MIT scientists have worked out a way to take online service reviews and turn the data into a voice-recognizing recommendation system–no matter how complex or specific your request. It’s a sneak peak of how a semi-AI smartphone of 2015 will help your daily life.
MIT’s news release notes “the proliferation of websites such as Yelp and CitySearch has made it easy to find local businesses that meet common search criteria” when the criteria are pretty simple–cheap food of a particular type in a particular location, for instance. But what about “not so common criteria,” MIT wonders–“how big are the portions? […] Does the bartender make a good martini?” This data is sometimes available in the body text of wordy reviews, but as we all know, it can be a time-intensive slog through search results to find it, often because we need to verify that a particular review is truthful.
MIT’s Computer Science and Artificial Intelligence Lab’s Spoken Language Systems Group has built a system that automatically “combs through users’ reviews, extracting useful information and organizing it to make it searchable.” Though the MIT algorithm looks for phrases like “excellent martinis,” the code doesn’t assign a value to words like “excellent.” Instead, it matches such epithets (whether they’re positive or negative) with the numeric ratings that some review sites allow–“good steak” and “9/10 stars” for example.
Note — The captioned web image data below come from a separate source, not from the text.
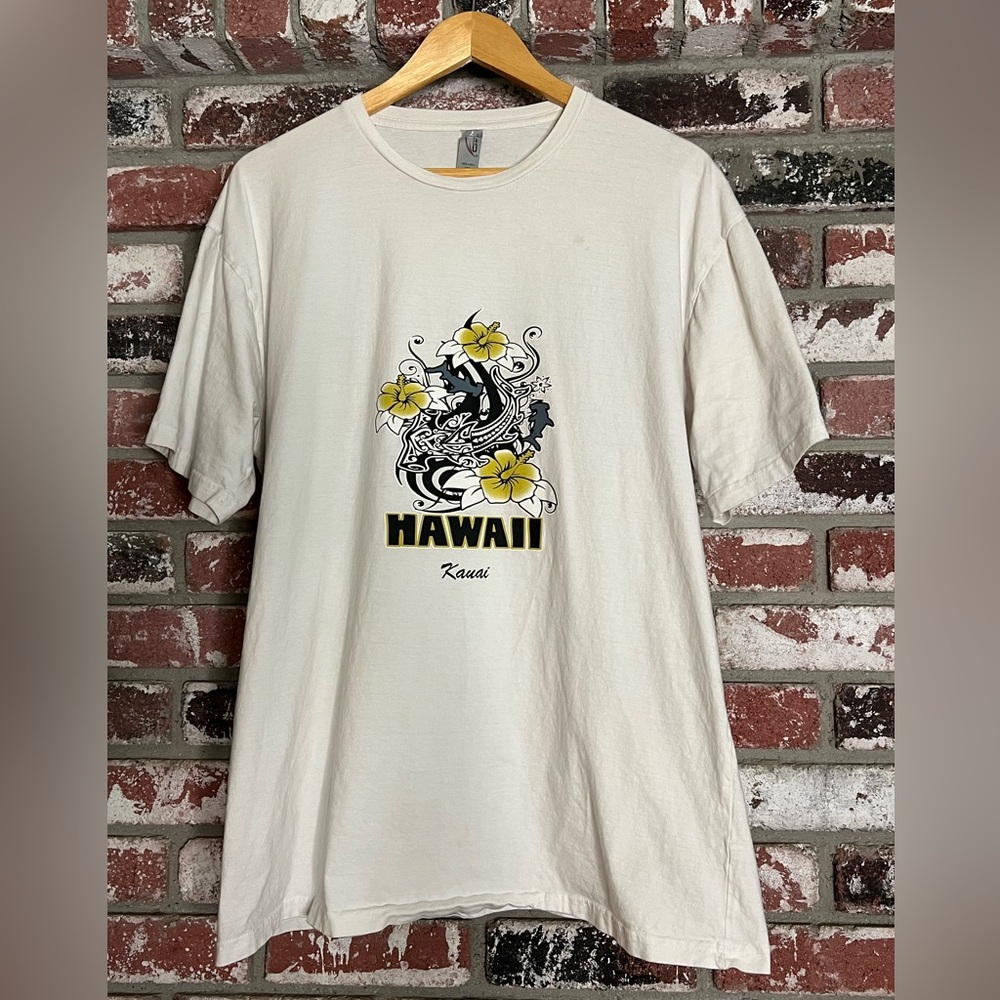Men’s Hawaii Kauai Floral Cream Graphic Tee.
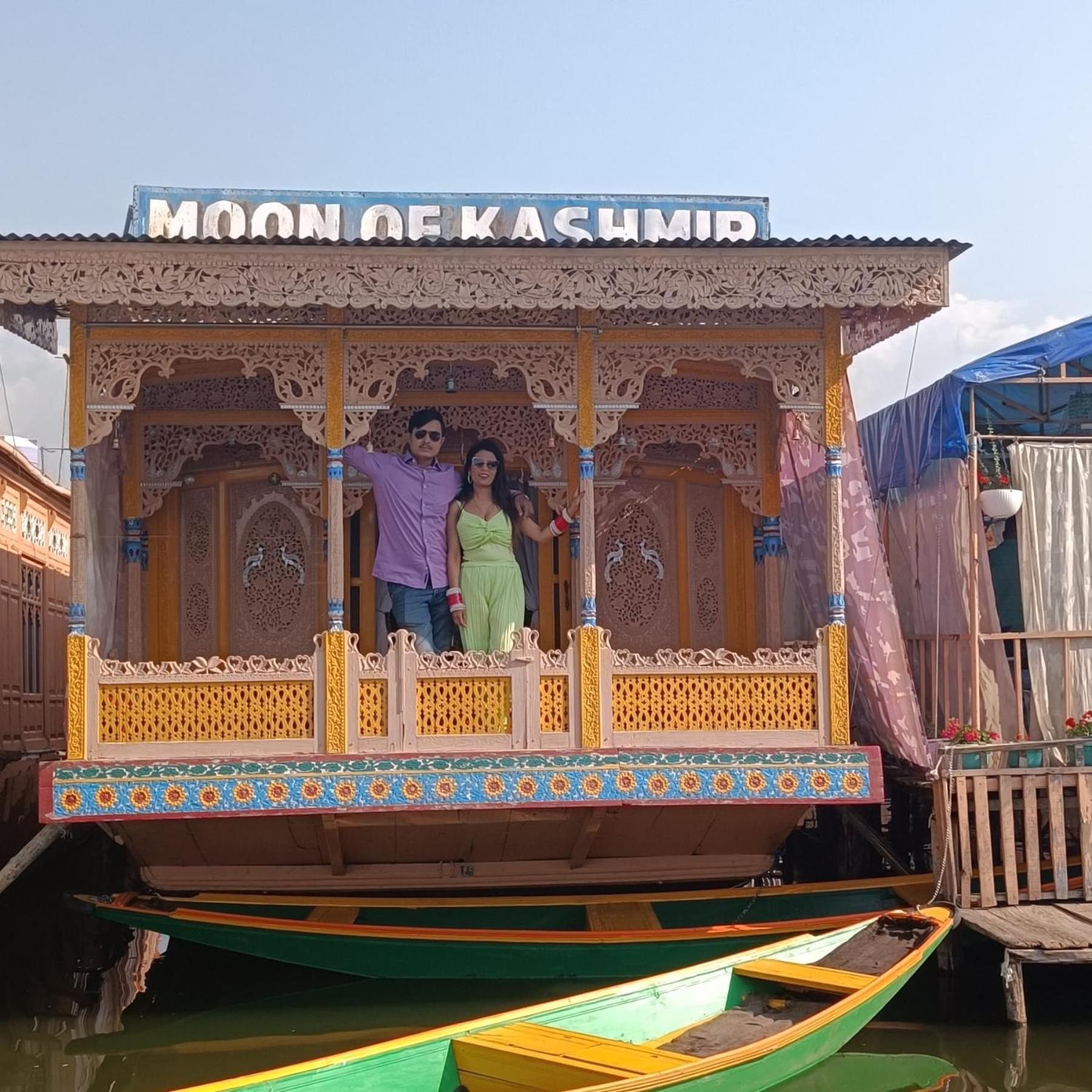 Houseboat Moon Of Kashmir Hotell Srīnagar Exteriör bild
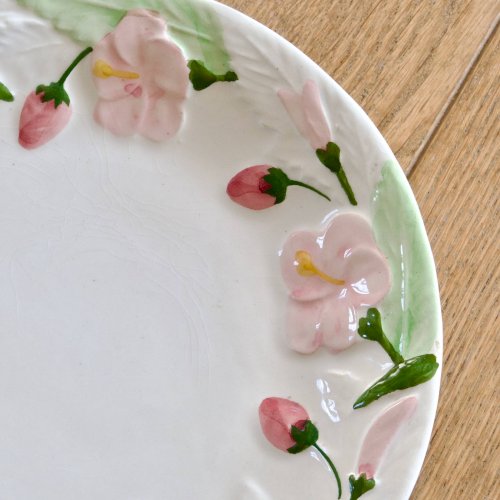 Plat vintage portugais en barbotine fraises et fleurs roses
It then takes this collection of ratings and descriptions and builds a sophisticated map that adapts to new reviews, and also winds in data from the service’s websites to extend its understanding.
The upshot is a program that can return results associated with “nice ambience” alongside ones that have a “friendly vibe” because it’s seen the words “good,” “nice,” “friendly,” or “mood” associated with highly starred reviews for a particular restaurant or bar.
This is a glimpse of how smartphones of the future will work. We’re seeing a growing reliance on services like Yelp, and associated recommendation engines–Google itself just announced a global release of its Hotpot location-centric recommendation system. Professional reviewers still have a key job to play, but peer review is getting more important, particularly when you’re trying to make on-the-spot decisions and don’t have time to trawl through the review pages of the New York Times. Mobile apps on smartphones are how more and more of us are doing this–and if Google gets involved with the same kind of research as MIT is, this is how our smartphones will help us find services in the future. It’s really sci-fi come true.